Micromechanics of Random Structure Thermoperistatic Composites

Abstract

In contrast to the classical local and nonlocal theories, the peridynamic equation of motion introduced by Silling (J. Mech. Phys. Solids 2000; 48: 175–209) is free of any spatial derivatives of displacement. The new general integral equations (GIE) connecting the displacement fields in the point being considered and the surrounding points of random structure composite materials (CMs) is proposed. For statistically homogeneous thermoperistatic media subjected to homogeneous volumetric boundary loading, one proved that the effective behaviour of this media is governing by conventional effective constitutive equation which is intrinsic to the local thermoelasticity theory.

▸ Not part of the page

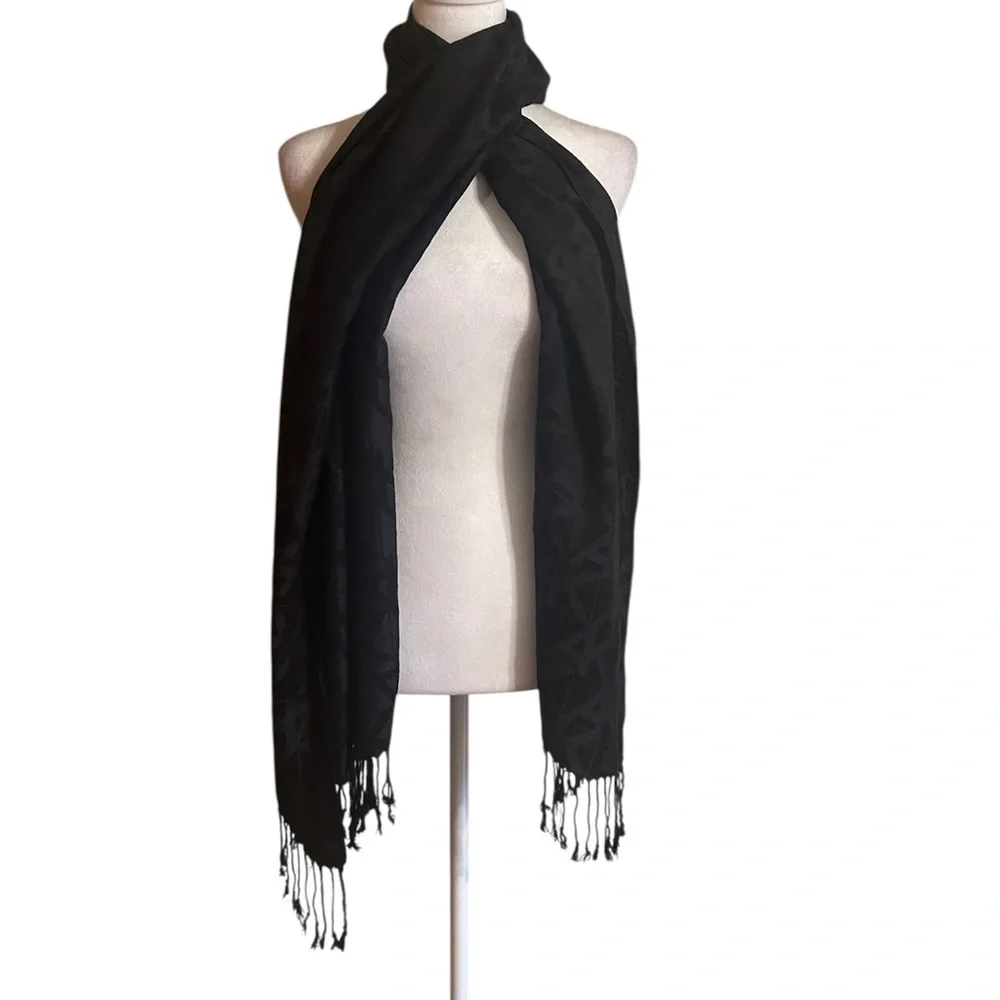 Anne Klein Black Logo Jacquard Fringe Scarf Wrap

It was made by the most exploitation of the popular tools and concepts used in conventional thermoelasticity of CMs and adapted to thermoperistatics. A generalization of the Hills equality to peri-static composites is proved. The classical representations of effective elastic moduli through the mechanical influence functions for elastic CMs are generalized to the case of peristatics, and the energetic definition of effective elastic moduli is proposed. The general results establishing the links between the effective properties (effective elastic moduli, effective thermal expansion) and the corresponding mechanical and transformation influence functions are obtained by the use of the decomposition of local fields into load and residual fields. Effective properties of thermoperistatic CM are expressed through the introduced local stress polarization tensor averaged over the extended inclusion phase. This similarity opens a way for straightforward expansion of analytical micromechanics tools for locally elastic CMs to the new area of random structure peri-dynamic CMs. Detailed numerical examples for 1D case are considered.